Content starts

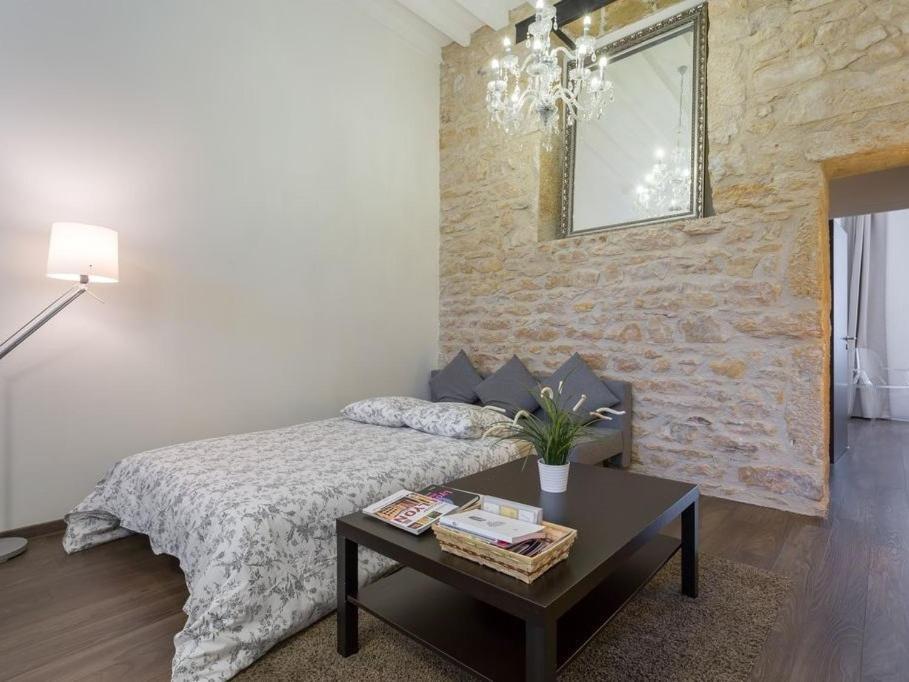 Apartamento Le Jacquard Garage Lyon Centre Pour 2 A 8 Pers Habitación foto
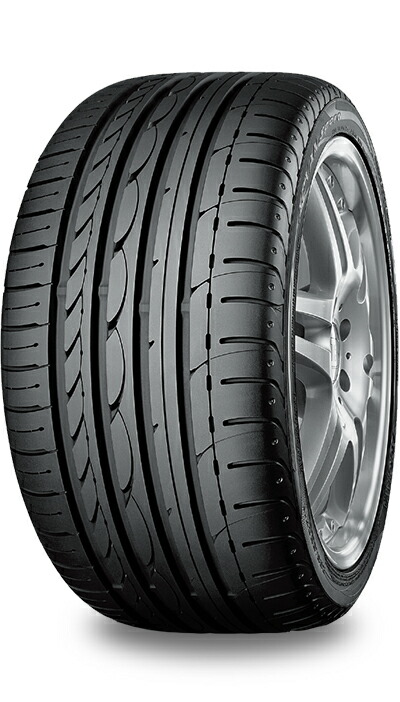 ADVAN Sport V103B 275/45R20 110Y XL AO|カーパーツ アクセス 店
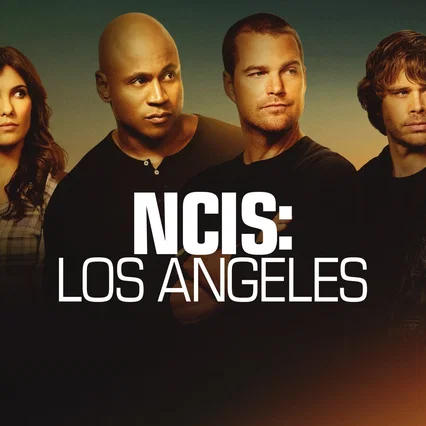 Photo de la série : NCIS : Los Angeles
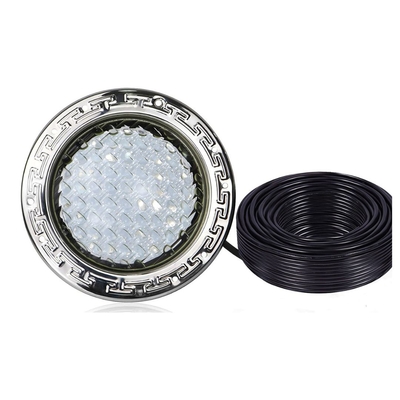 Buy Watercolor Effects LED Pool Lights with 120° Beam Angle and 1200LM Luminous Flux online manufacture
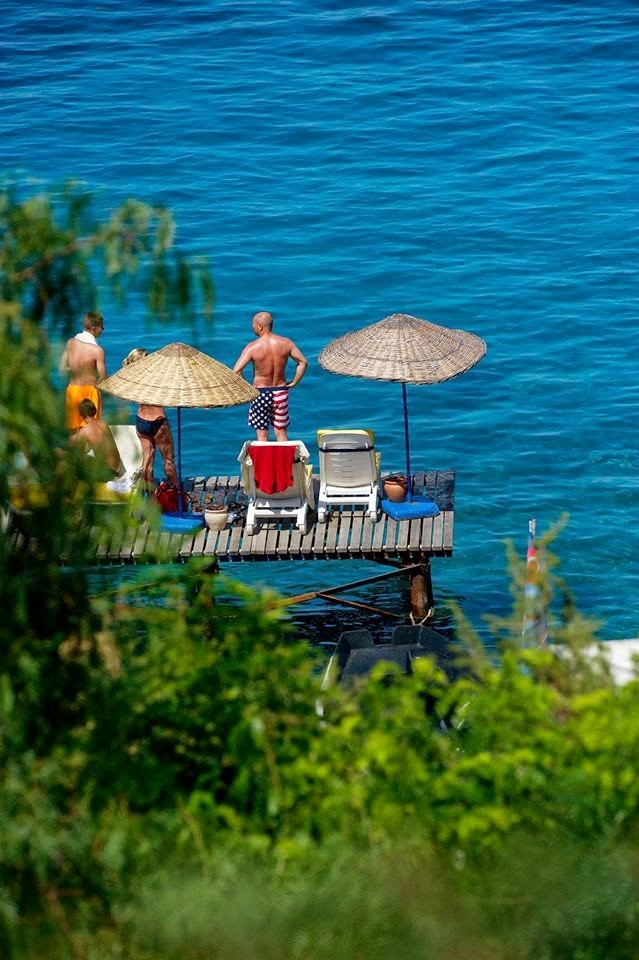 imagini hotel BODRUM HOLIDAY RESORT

Content ends

▶ **TASK DETAILS**: The data above needs to be retyped exactly, with the images left out.

▶ **RESULT**:
 Apartamento Le Jacquard Garage Lyon Centre Pour 2 A 8 Pers Habitación foto
 ADVAN Sport V103B 275/45R20 110Y XL AO|カーパーツ アクセス 店
 Photo de la série : NCIS : Los Angeles
 Buy Watercolor Effects LED Pool Lights with 120° Beam Angle and 1200LM Luminous Flux online manufacture
 imagini hotel BODRUM HOLIDAY RESORT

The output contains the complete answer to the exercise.